## INSTRUCTIONS FOR THE TASK:
Give back every line of the material exactly. Skip the pictures.

+ + + +

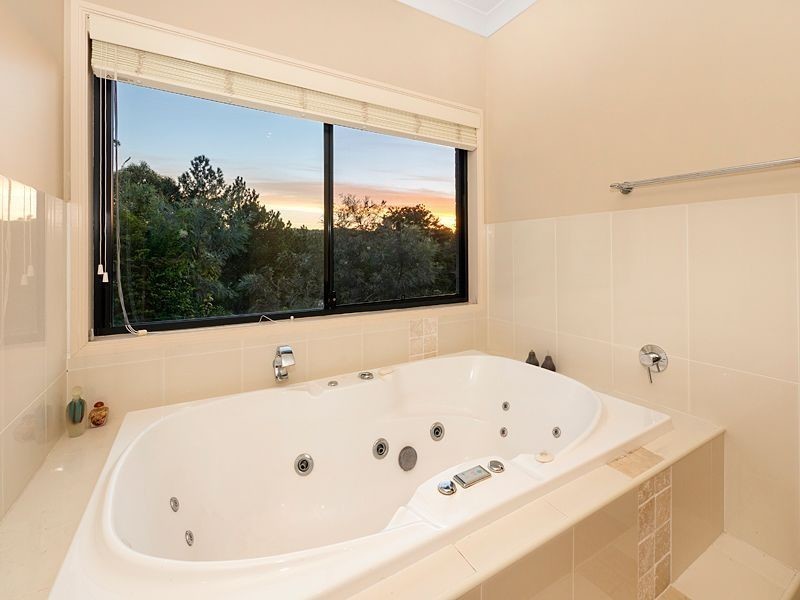 23 Olivia Place, Pullenvale QLD 4069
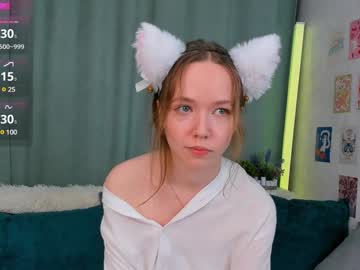 Fly_Best Chaturbate stream image from January 17, 2025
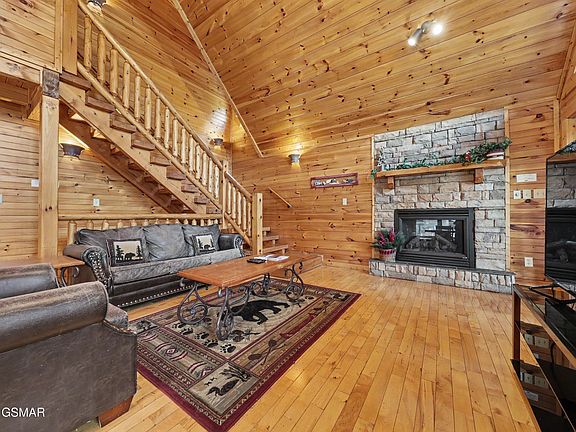 5th image of 755 Glory Ridge Way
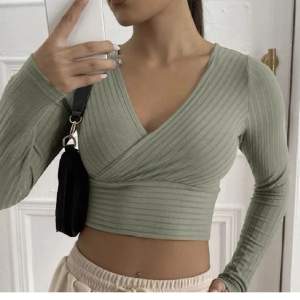 Säljer denna super snygga tröjan i färgen arme grönt!💘💘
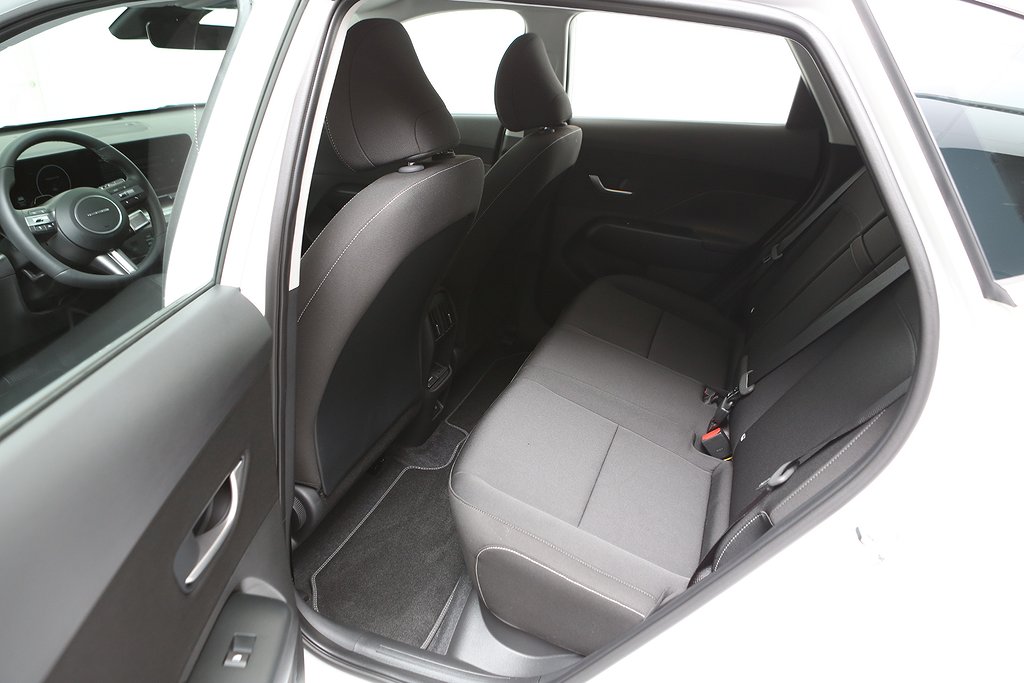 Hyundai Kona Electric 48kWh Essential - Business lease 2025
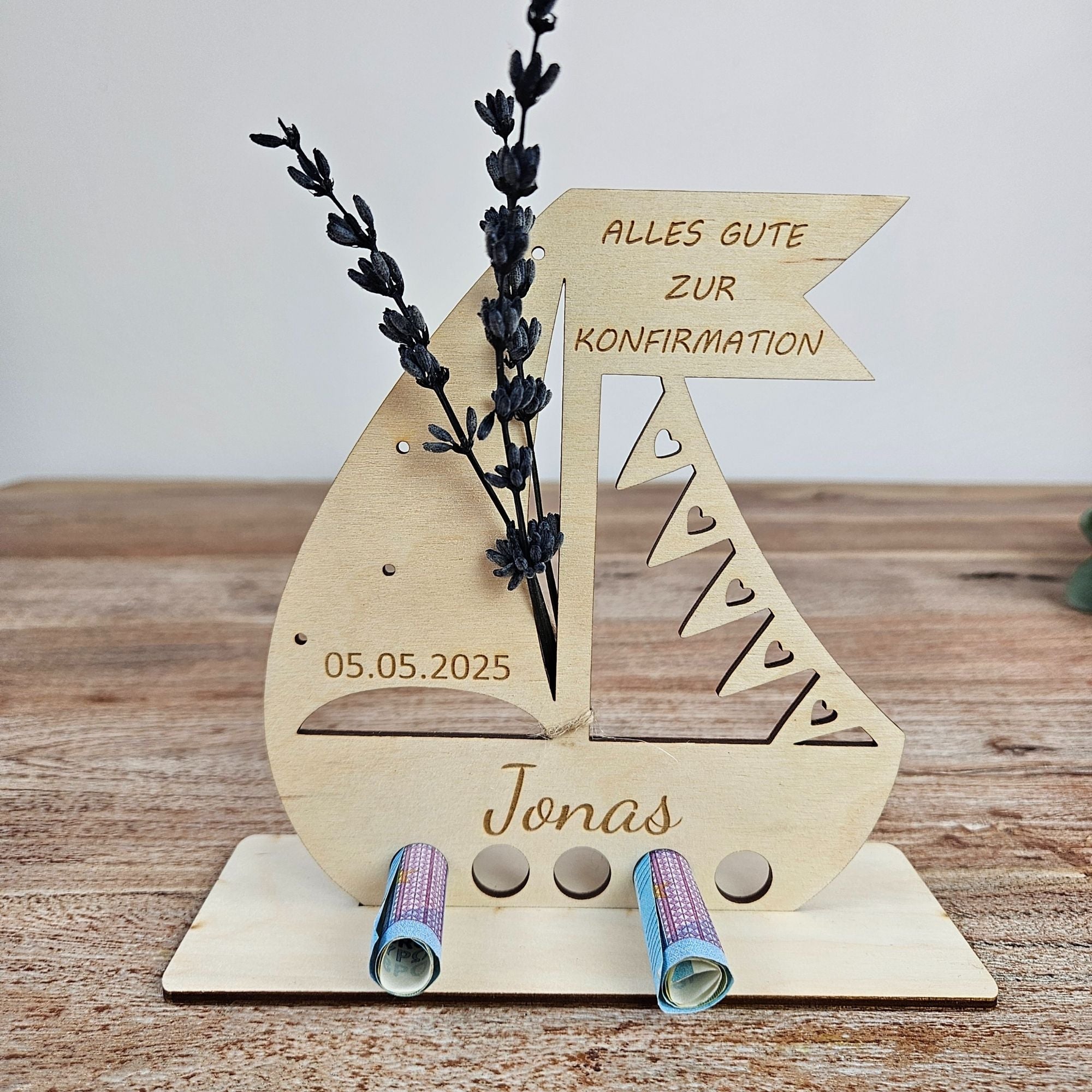 Geldgeschenk aus Holzschiff mit Gravur Alles Gute zur Konfirmation, Name Jonas und Datum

+ + + +

## EXERCISE SOLUTION:
 23 Olivia Place, Pullenvale QLD 4069
 Fly_Best Chaturbate stream image from January 17, 2025
 5th image of 755 Glory Ridge Way
 Säljer denna super snygga tröjan i färgen arme grönt!💘💘
 Hyundai Kona Electric 48kWh Essential - Business lease 2025
 Geldgeschenk aus Holzschiff mit Gravur Alles Gute zur Konfirmation, Name Jonas und Datum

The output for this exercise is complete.